Podcast Summary
Podcast: New Books Network
Host: Renee Garfinkel
Guest: Nicole Narig, PhD, Clinical Psychologist and Author of With Her Own Hands: Women Weaving Their Stories (W.W. Norton, 2025)
Date: September 3, 2025
Episode Theme: The healing power, rich history, and cultural depth of women’s textile work—knitting, weaving, sewing—and its significance as craft, therapy, storytelling, and resistance.
Overview
This episode inaugurates a New Books Network miniseries on healing, focusing on the multi-layered role of textile crafts in women’s lives, past and present. Dr. Nicole Narig, whose clinical and personal experiences inspired her new book, joins host Renee Garfinkel to explore how making things with one’s hands serves as both creative engagement and a powerful tool for psychological resilience and community. Their conversation weaves memoir, science, anthropology, and history, illuminating threads of healing, identity, creativity, empowerment, and resistance.
Key Discussion Points & Insights
Knitting as Lifeline: Craft in Times of Crisis
- Narig’s Personal Experience During the Pandemic
- Knitting became a crucial source of stability and self-expression during COVID-19 lockdown. Despite life’s pressures (remote clinical work, young children, household isolation), knitting provided connection, creativity, and comfort.
- Nicole realized how textile crafts offer much more than mere utility or entertainment. They satisfy deep psychological needs for order, creativity, and social linkage.
- “I actually found I was knitting more than ever because it was really holding me together at that point and satisfying all these needs.” – Nicole Narig [04:38]
Textile Work as Trauma Processing & Community Healing
- Professional Insights: Craft, Therapy, and Recovery
- Narig describes leading knitting circles for trauma survivors at the VA, where the craft became quietly therapeutic, facilitating peer connection and gentle approach to hard topics.
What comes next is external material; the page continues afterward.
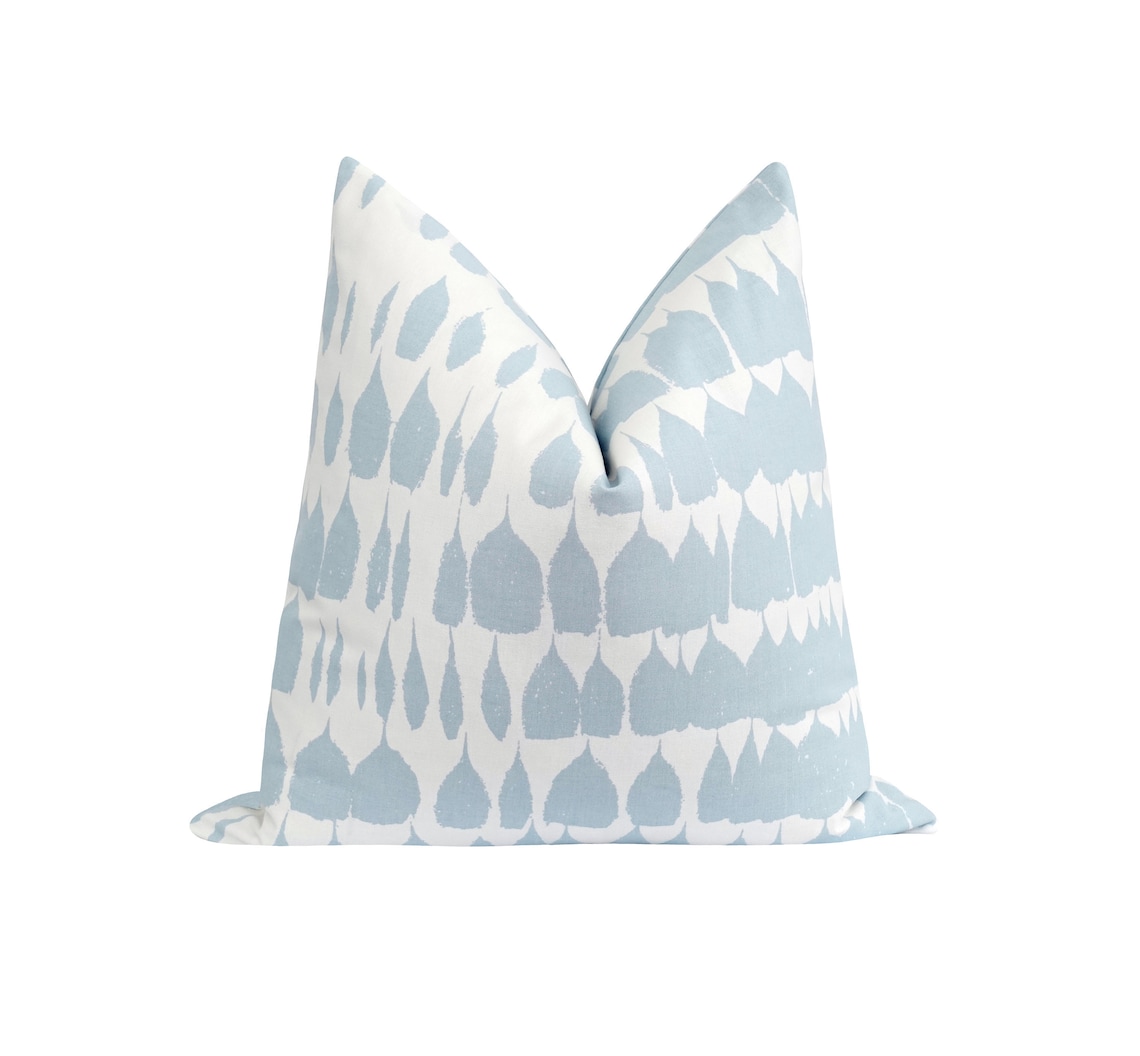 DOUBLE SIDED Pillow Cover Schumacher Pillow Cover Sky Blue Sky Blue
- Bilateral stimulation in knitting (moving both hands rhythmically) shows parallels with EMDR therapy for trauma. Textile work’s repetitive motion soothes—and opens doors to sharing and processing difficult experiences.
- Common Threads Project (featured in the book): women in conflict settings worldwide process trauma by stitching “story cloths”—transforming pain into visible, symbolic narratives.
- “A way to…express the unspeakable at times and maybe give words to it…symbolization is really important in trauma processing.” – Nicole Narig [09:04]
Weaving Life: Memoir Meets Scholarship
- Crafting a Multilayered, Interdisciplinary Book
- Narig’s book blends personal memoir with history, psychology, philosophy, literature, and anthropology. Its structure is “not linear,” following thematic and associative links across times and cultures rather than mere chronology.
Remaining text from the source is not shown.